Akan tetapi, Conte harus ingat, kehebohan saja tak cukup bagi publik Italia yang terkenal tajam dalam melontarkan kritik. Di mata fans Gli Azzuri, kesuksesan sama artinya dengan gelar juara. Tak lebih dan tak kurang.
Legenda:
Dino Zoff
Dino Zoff adalah satu di antara kiper terbaik dalam sejarah sepak bola dunia. Sosoknya bagaikan anomali saat dipercaya menjadi kapten Timnas Italia. Pada masa itu, kiper yang merangkap sebagai kapten masih langka dan istimewa.
Namun, Zoff memang pantas mendapat kehormatan tersebut. Dia mengukir banyak rekor bersama Italia maupun di kancah sepak bola dunia.

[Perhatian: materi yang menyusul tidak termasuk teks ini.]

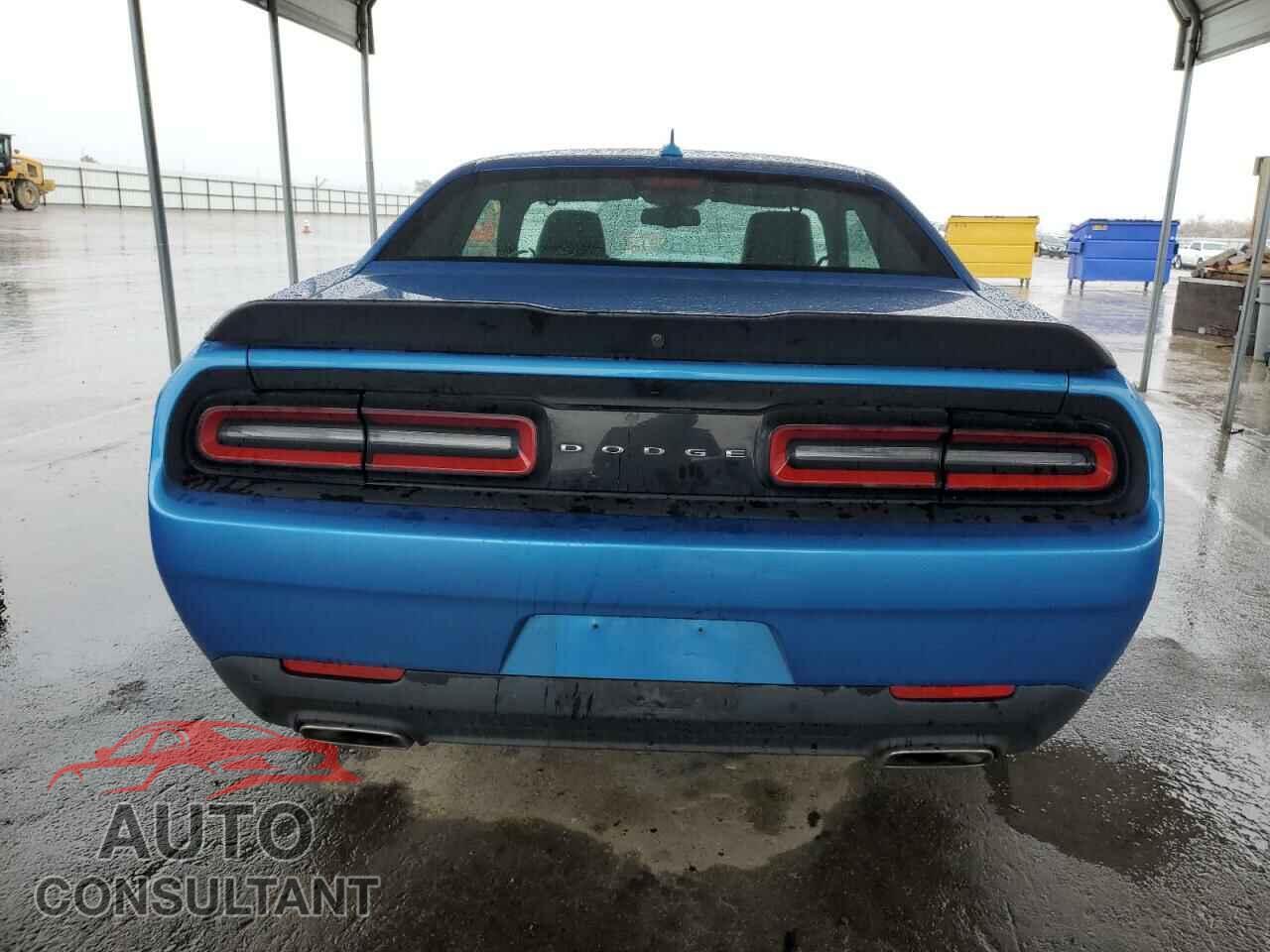 DODGE CHALLENGER 2019 - 2C3CDZJG1KH652582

Penjaga gawang yang pernah memperkuat Juventus, Napoli, dan Udinese tersebut adalah pemain tertua yang menjuarai Piala Dunia.
Pada 1982, saat usianya 40 tahun 4 bulan dan 13 hari, Zoff sukses memenangi Piala Dunia sebagai kapten Italia.

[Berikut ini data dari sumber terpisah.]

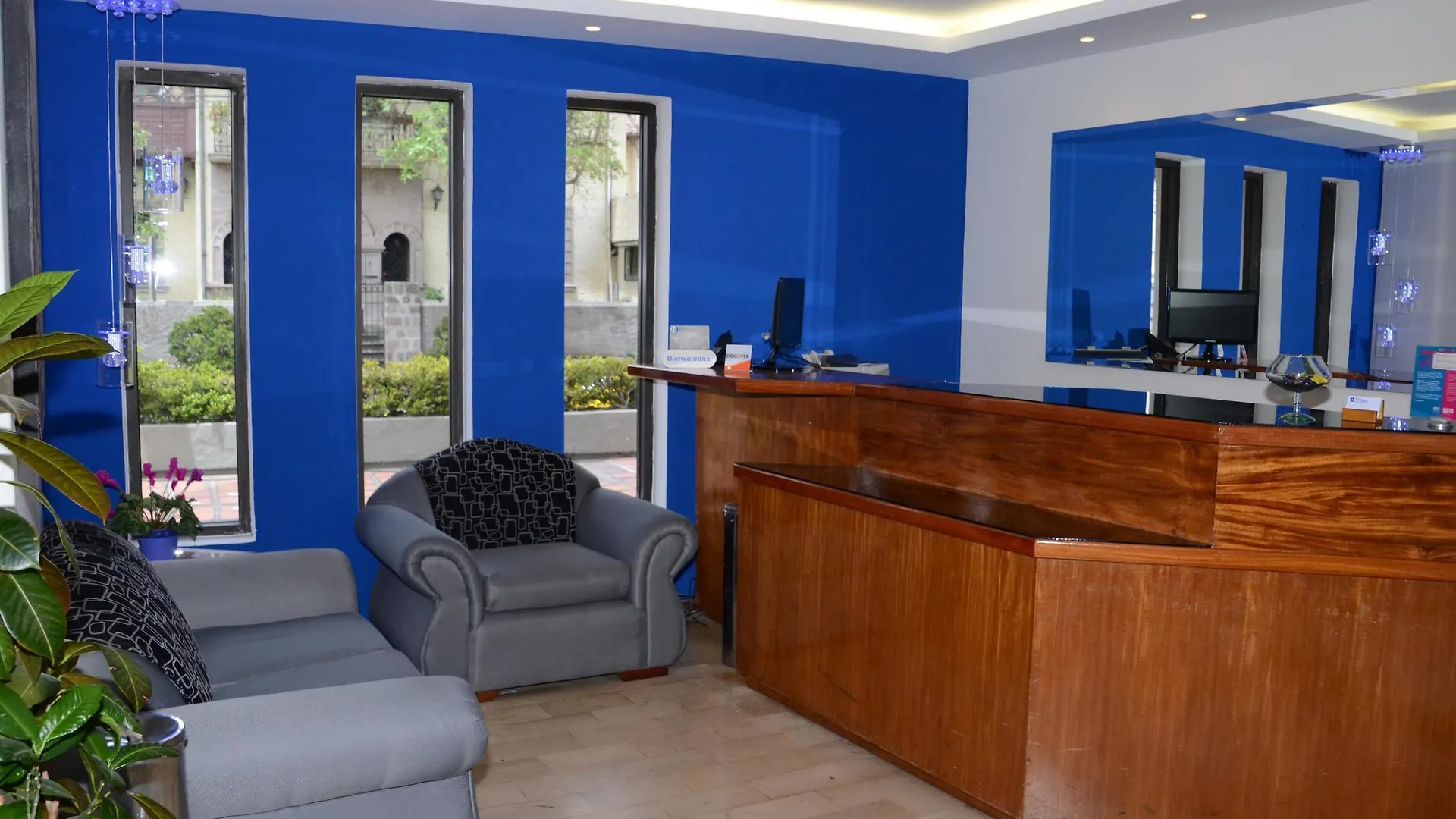 Apart Hotel Amaranta Quito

Pria kelahiran 28 Februari 1942 tersebut juga tercatat sebagai kiper yang paling lama membukukan clean sheets alias tak kebobolan, mulai September 1972 hingga Juni 1974. Gawang Zoff tak kebobolan selama 1.142 menit! Rekor mengesankan Zoff tersebut patah di tangan Haiti, pada perhelatan Piala Dunia 1974.
Melihat rekam jejaknya yang mengilap, tak banyak orang mengetahui dulunya keluarga Zoff sangat mengkhawatirkan tinggi badan sang penjaga gawang. Berbagai cara dilakukan keluarganya supaya tinggi badan Zoff bertambah. Sang nenek bahkan sampai memaksanya makan delapan butir telur sehari.
Di sisi lain, sang ayah menyuruh Zoff menjadi mekanik karena tak yakin sepak bola cocok untuk putranya itu. Namun, semua kekhawatiran tersebut berhasil ditepis Zoff. Pada akhirnya Zoff bisa mencapai tinggi badan cukup ideal, 182 cm dan membangun karier gemilang di dunia sepak bola.
Zoff menghabiskan mayoritas kariernya di Napoli dan Juventus, serta mencatat 112 caps bersama Gli Azzurri. Pada 1968 dia menjadi bagian skuat Timnas Italia yang menjuarai Piala Eropa.
Namun, dua tahun berselang dia tak dipanggil memperkuat Italia di ajang Piala Dunia di Meksiko. Gawang Italia dijaga oleh Enrico Albertosi yang membantu tim lolos ke final, namun gagal berbuah gelar juara.
Pada 1974, Zoff comeback ke timnas, tetapi Italia tersingkir di fase grup. Empat tahun berselang, Italia berstatus sebagai favorit juara di Piala Dunia 1978. Zoff juga kembali berdiri di bawah mistar gawang. Namun, lagi-lagi Azzurri gagal menuntaskan misi sebagai juara meskipun sempat mengalahkan tim tangguh Argentina pada fase grup. Gli Azzurri pun gagal lolos ke final dan juga kalah dalam laga perebutan medali perungggu kontra Brasil.
Puncak karier Zoff terjadi pada 1982. Pada Piala Dunia terakhirnya, Zoff merengguk kesuksesan. Setelah start lamban pada fase grup, Gli Azzurri mampu mengalahkan Argentina, Brasil, Polandia, dan Jerman Barat secara beruntun dan akhirnya menjadi kampiun.